Ich spreche jetzt die Mitglieder der Fraktion DIE LINKE an. Unsere Einigkeit endet aber sehr schnell, wenn es um die Bewertung des europäischen Hauptquartiers der USStreitkräfte in Wiesbaden und generell um die Bedeutung der US-amerikanischen Einrichtungen in Hessen geht.

Für uns gilt nach wie vor: Die Entscheidung unserer USamerikanischen Partner für Wiesbaden, und damit für Hes

sen, ist ein großer Erfolg für uns und für unser Land. Weiterhin ist das neue Hauptquartier ein Beleg dafür, wie gut und eng die Beziehungen zwischen unseren Ländern sind.

Lassen Sie mich das an dieser Stelle auch klar sagen: Es war ein persönlicher Erfolg des damaligen Ministerpräsidenten Roland Koch, dass es ihm gelungen ist, das Headquarter aus Heidelberg nach Hessen zu holen.

(Beifall bei Abgeordneten der CDU und des Abg. Daniel May (BÜNDNIS 90/DIE GRÜNEN))

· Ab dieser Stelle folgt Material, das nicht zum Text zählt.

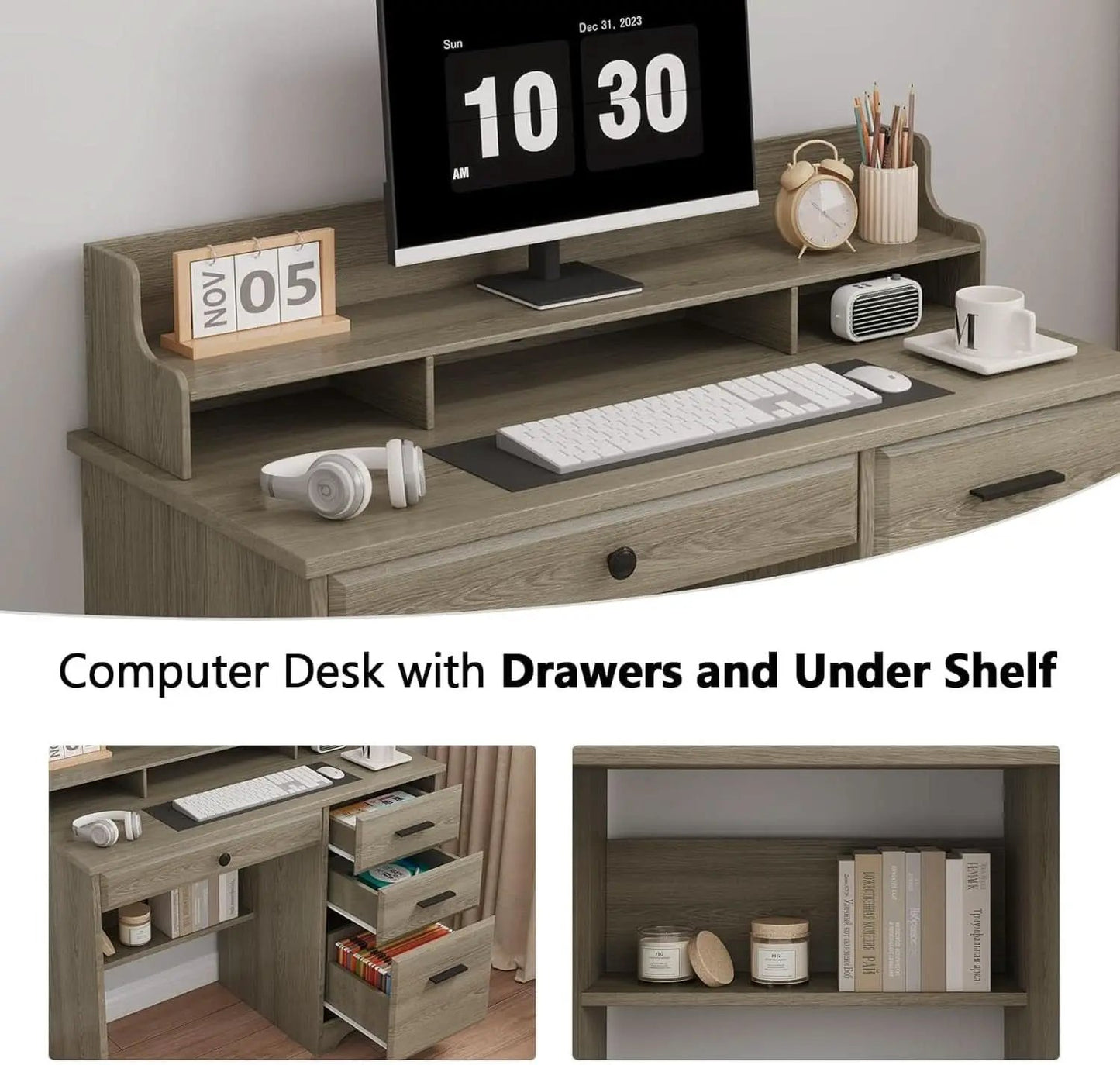 Grey Computer Desk With Drawers And Monitor Stand For Home Office from PriceLows™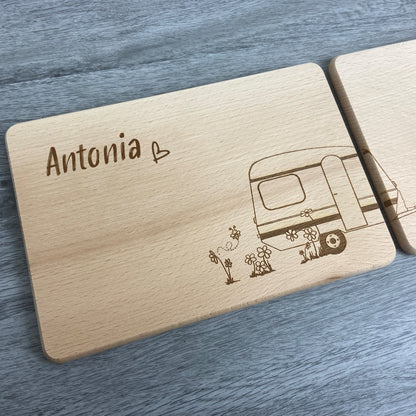 Partnerbrettchen 2er-Set Camper Wohnwagen - für echte Campingfans - personalisiert mit Namen - Deisterwerke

Die US-Streitkräfte fühlen sich hier wohl. Es gibt vielfältige und gute Beziehungen zu Hessen. Nicht zuletzt drückt sich das auch dadurch aus – ich sage das mit einem Schmunzeln –, dass es in den vergangenen Jahren schon viele Begegnungen mit der Fußballelf des Landtags gegeben hat.

Deutschland und die Vereinigten Staaten sind seit sieben Jahrzehnten gute und hervorragende Partner. Sie arbeiten eng zusammen.

(Unruhe – Glockenzeichen des Präsidenten)

Das ist eines der großen Friedensprojekte. Das ist einer der großen Erfolge deutscher Bündnis- und Außenpolitik.

Das passt auch hierzu: Die Verzahnung wird immer enger. Ein deutscher General soll Stabschef des amerikanischen Heeres in Europa mit voller Verantwortung und Befehlsgewalt werden. Das ist von amerikanischer Seite ein Zeichen für Offenheit und gute Partnerschaft. Das ist das richtige Signal nach den Vorgängen des vergangenen Sommers.

(Manfred Pentz (CDU): Genau!)

Auf dem Gelände des Quartiers in Wiesbaden entsteht unter anderem auch ein nachrichtendienstliches Zentrum. Das haben Sie angesprochen.

(Janine Wissler (DIE LINKE): Genau!)

Hier stehen aber militärische Interessen im Vordergrund. Die Auslandsmissionen der NATO-Truppen, also auch der deutschen Soldaten, werden nachrichtendienstlich vorbereitet und begleitet. Wenn man hier korrekt argumentiert und nicht alles durcheinanderschmeißt, wie es Frau Wissler gemacht hat, muss man schon verschiedene Sachverhalte auseinanderhalten. Man darf nicht die unzulässige Bespitzelung durch die NSA, die im vergangenen Sommer aufgedeckt wurde, mit den berechtigten Aktivitäten der Nachrichtendienste durcheinandermengen.

(Beifall bei Abgeordneten der CDU – Janine Wissler (DIE LINKE): Mit Drohnenangriffen! Völlig berechtigt!)

Sie haben sich dann während Ihrer Rede schleichend zwischen dem, was wir wissen, und dem, was Sie vermuten, hin- und herbewegt. Ob über diese berechtigten militärischen Interessen hinaus noch andere Ziele verfolgt werden, ob Verstöße gegen das deutsche Datenschutzrecht vorliegen, das wird, das haben Sie zu Recht gesagt, ab heute von dem NSA-Untersuchungsausschuss des Bundestages erörtert.